Heifer International

Wikipedia Affiliate Button


android tablet pc

Home > Press > Hydrogen and inert species improve solid phase epitaxy of Ge on Si

(Color online) Comparison of Raman measurements of Ge layers deposited in vacuum (red, solid line) and deposited under N2 flux (blue, solid line with squares). For the vacuum deposited Ge layer, Ge–Ge stretch is observed, indicating the presence of structural ordering in the film. For the layer deposited under N2 flux no Ge–Ge stretch is visible, indicating complete disordering.
(Color online) Comparison of Raman measurements of Ge layers deposited in vacuum (red, solid line) and deposited under N2 flux (blue, solid line with squares). For the vacuum deposited Ge layer, Ge–Ge stretch is observed, indicating the presence of structural ordering in the film. For the layer deposited under N2 flux no Ge–Ge stretch is visible, indicating complete disordering.

Abstract:
Imec has shown that the presence of hydrogen and/or inert species during Ge deposition significantly improves the quality of the Ge layers grown on Si by solid phase epitaxy (SPE). The resulting layers have excellent crystalline quality and low surface roughness, making SPE a valuable alternative for conventional heteroepitaxy which is performed typically at much higher temperatures. High-quality Ge layers on Si are needed to explore the potential of Ge MOS devices for high-performance applications, or for extending conventional Si electronics.
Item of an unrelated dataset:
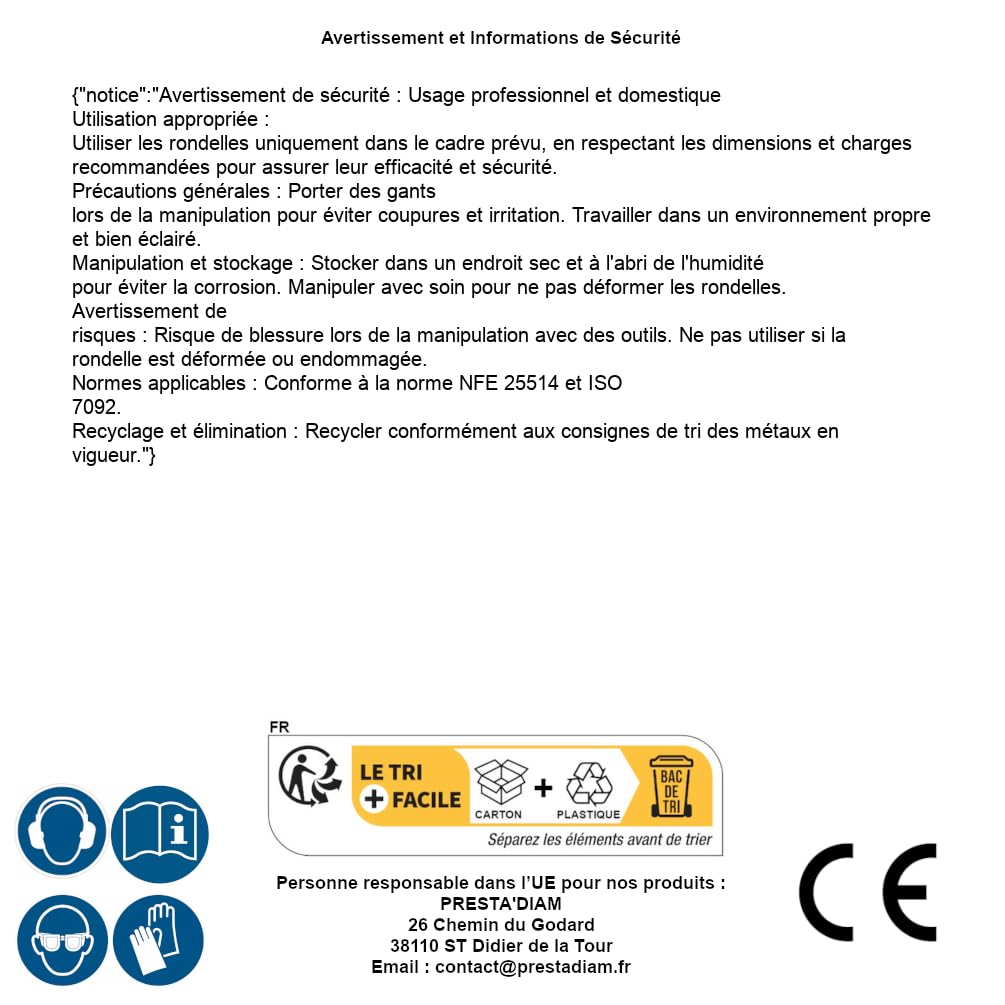 10 arandelas planas extra grandes tipo LL 27 mm - NFE 25513 - NFE25-514 - ISO 7089 - Inox A4 - D-Work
Hydrogen and inert species improve solid phase epitaxy of Ge on Si

The Netherlands | Posted on April 21st, 2010

Imec has demonstrated that the presence of atomic hydrogen during Ge deposition at low temperatures favors the formation of smooth and high-quality Ge layers on Si by SPE. A similar observation is made when molecular hydrogen, molecular nitrogen or chemical inert atoms or molecules are added during deposition. This results in high-quality single-crystalline Ge layers with surface roughness of only 0.4nm root mean square. In absence of these species, Ge layers grown by SPE exhibit low crystalline quality. The availability of high-quality thin Ge layers on Si is indispensible for the research on Ge and Ge/III-V devices. Ge on Si can potentially replace Si CMOS for high-performance applications and extends conventional Si electronics for e.g. optoelectronic applications.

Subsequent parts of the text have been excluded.